PROVIDED INFORMATION -
______________________________

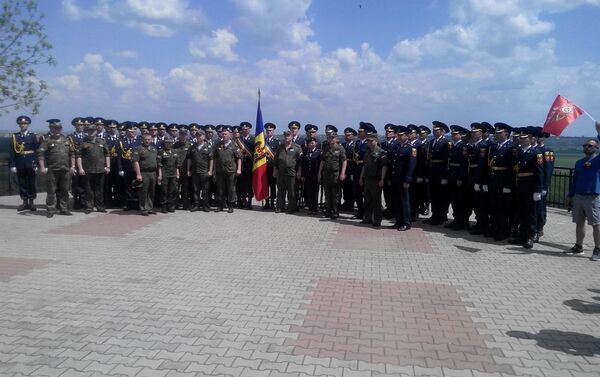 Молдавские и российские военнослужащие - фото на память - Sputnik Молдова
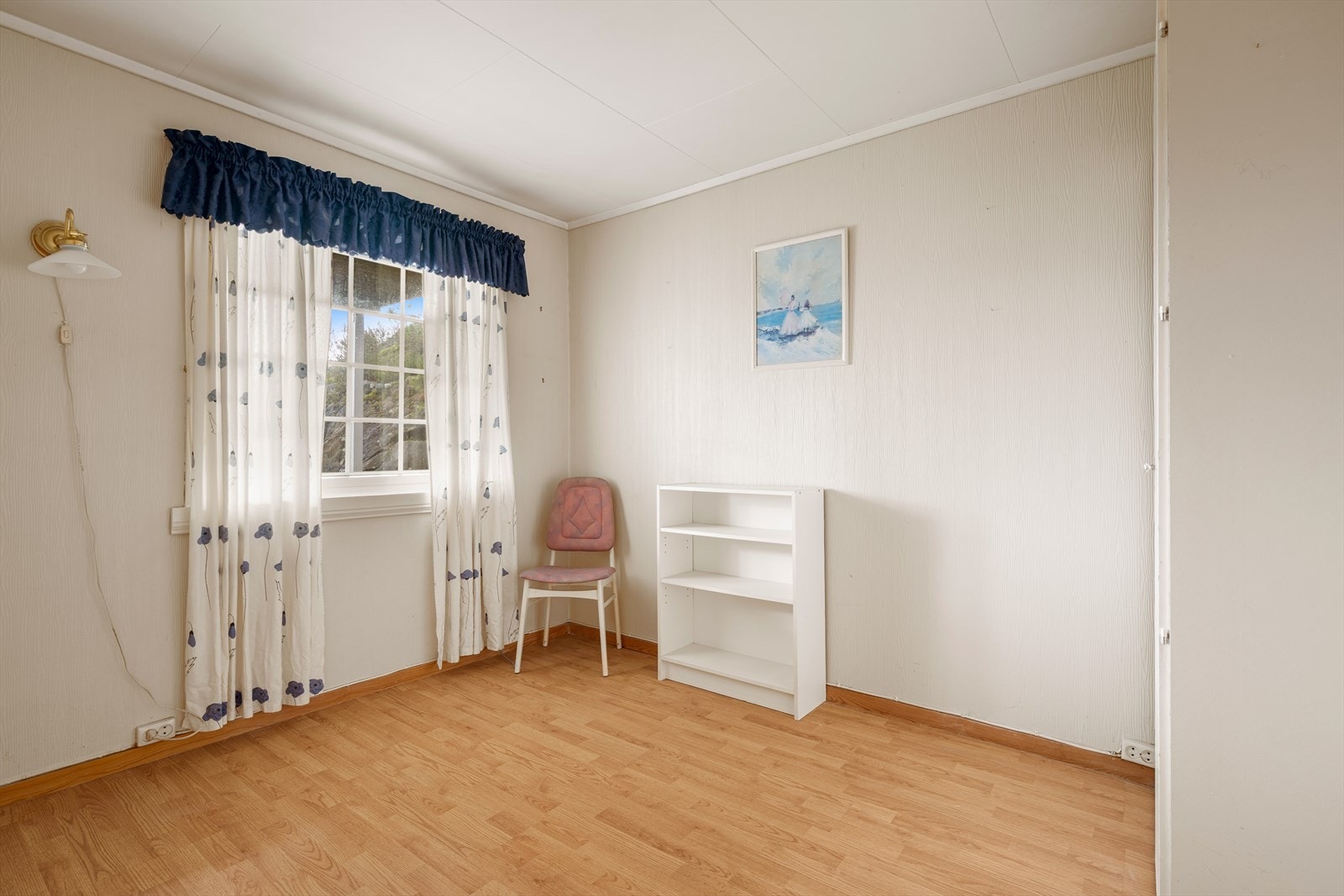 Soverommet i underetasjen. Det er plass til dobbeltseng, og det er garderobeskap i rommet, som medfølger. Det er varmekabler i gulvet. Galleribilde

______________________________

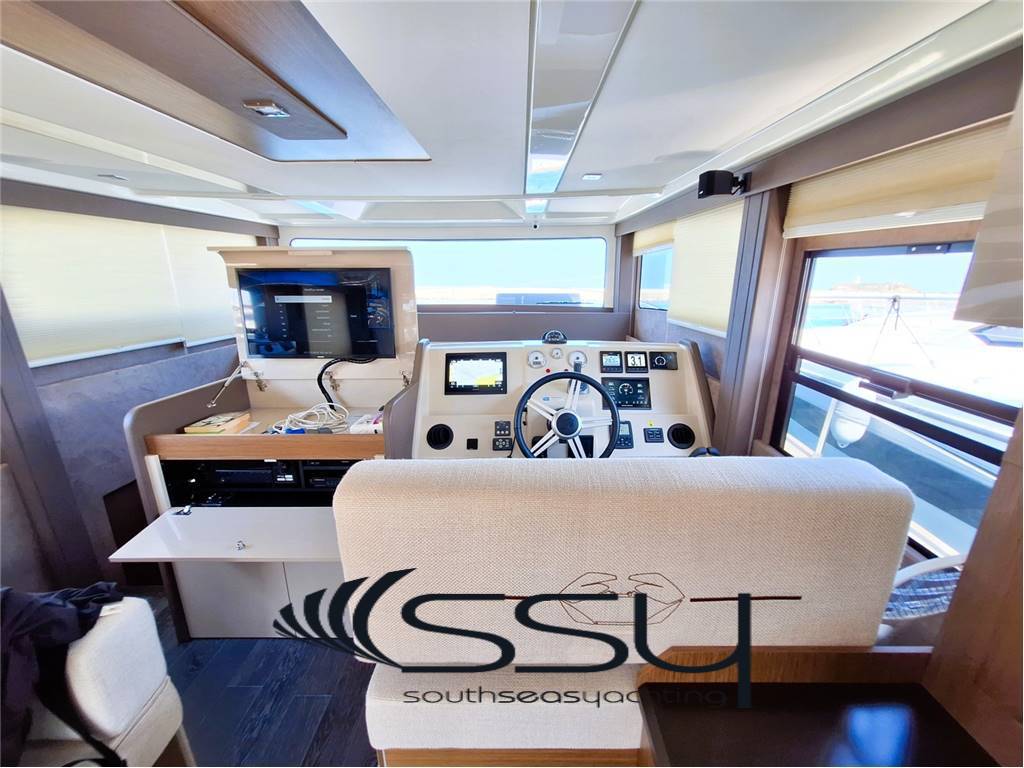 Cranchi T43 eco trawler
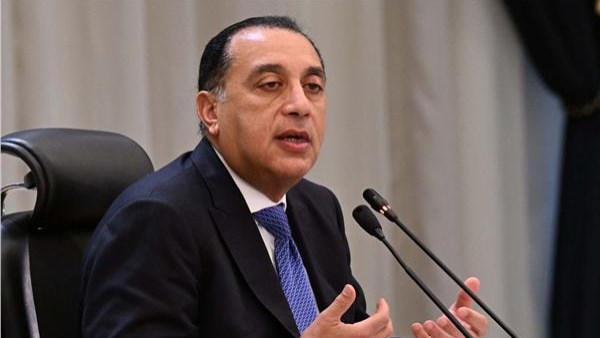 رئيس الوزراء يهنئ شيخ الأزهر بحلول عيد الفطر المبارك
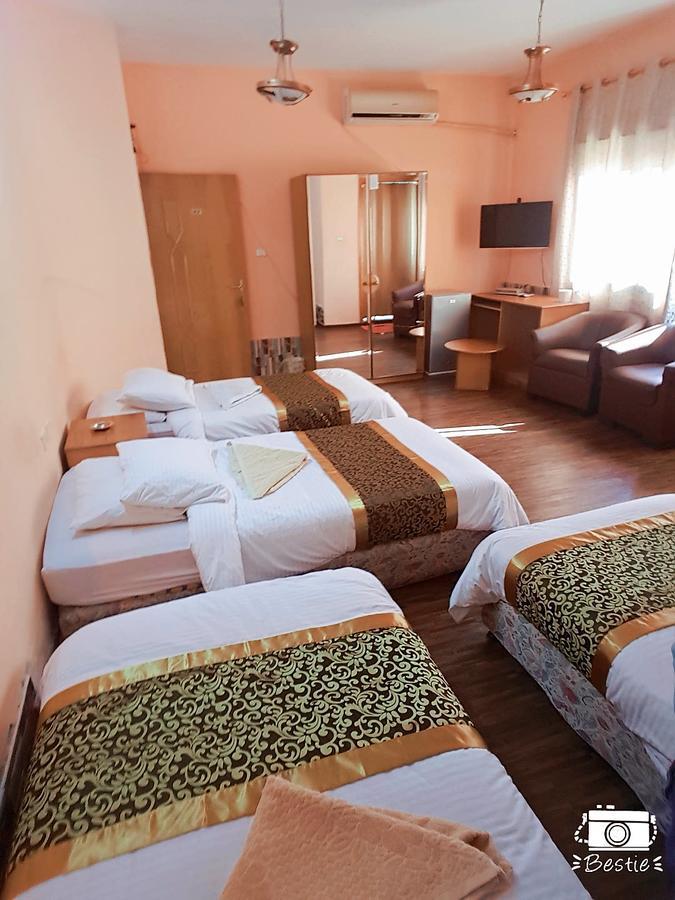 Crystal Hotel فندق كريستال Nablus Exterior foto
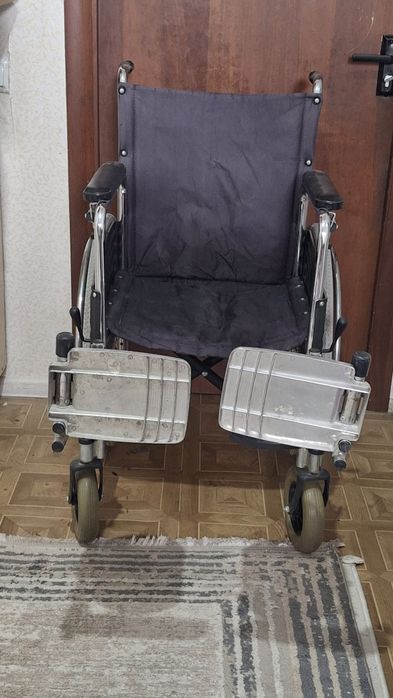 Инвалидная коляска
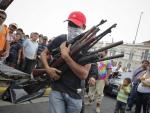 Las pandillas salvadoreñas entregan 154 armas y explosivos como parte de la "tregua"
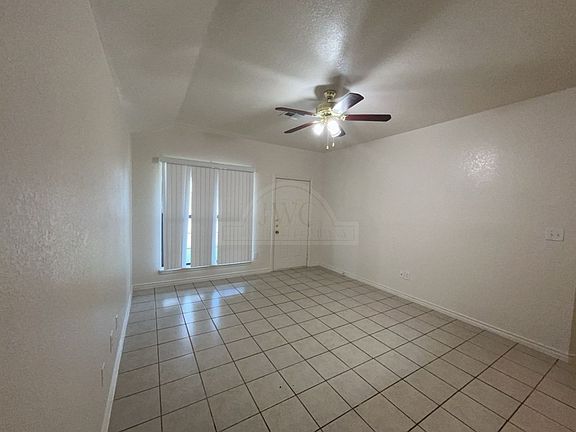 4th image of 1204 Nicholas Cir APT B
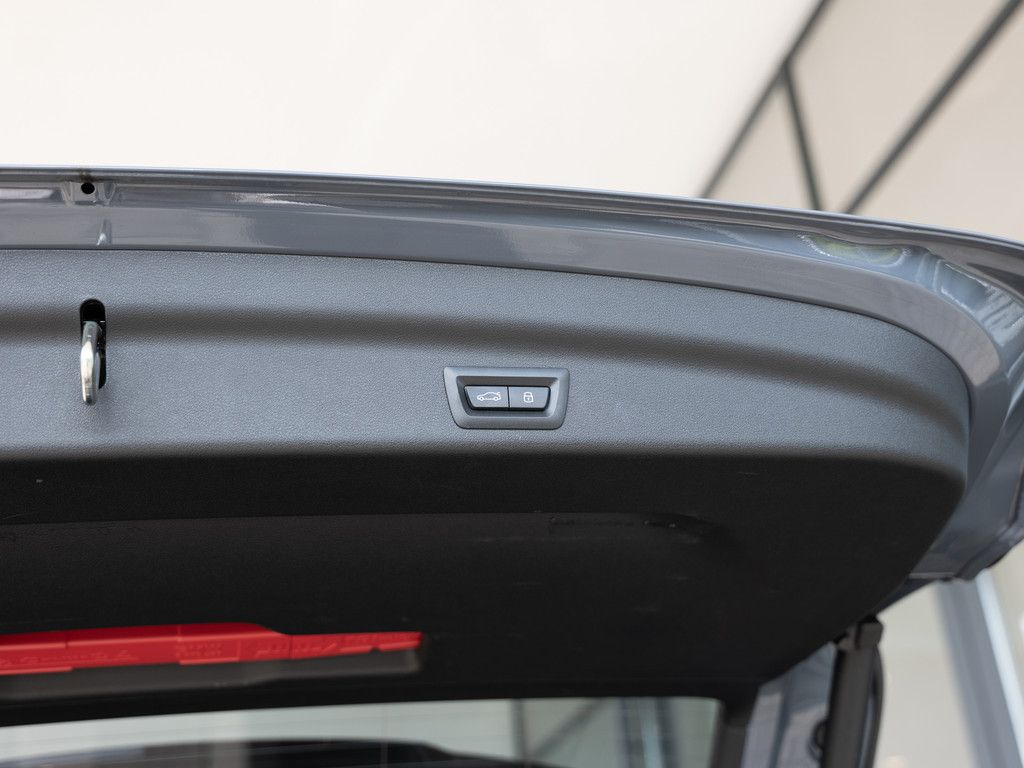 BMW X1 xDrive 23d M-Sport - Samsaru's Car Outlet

______________________________

TASK DETAILS - Exact copy, pictures excluded: every line above from the one containing "Молдавские и российские" to the one containing "Soverommet i underetasjen.", inclusive, and nothing more.

REPLY -
 Молдавские и российские военнослужащие - фото на память - Sputnik Молдова
 Soverommet i underetasjen. Det er plass til dobbeltseng, og det er garderobeskap i rommet, som medfølger. Det er varmekabler i gulvet. Galleribilde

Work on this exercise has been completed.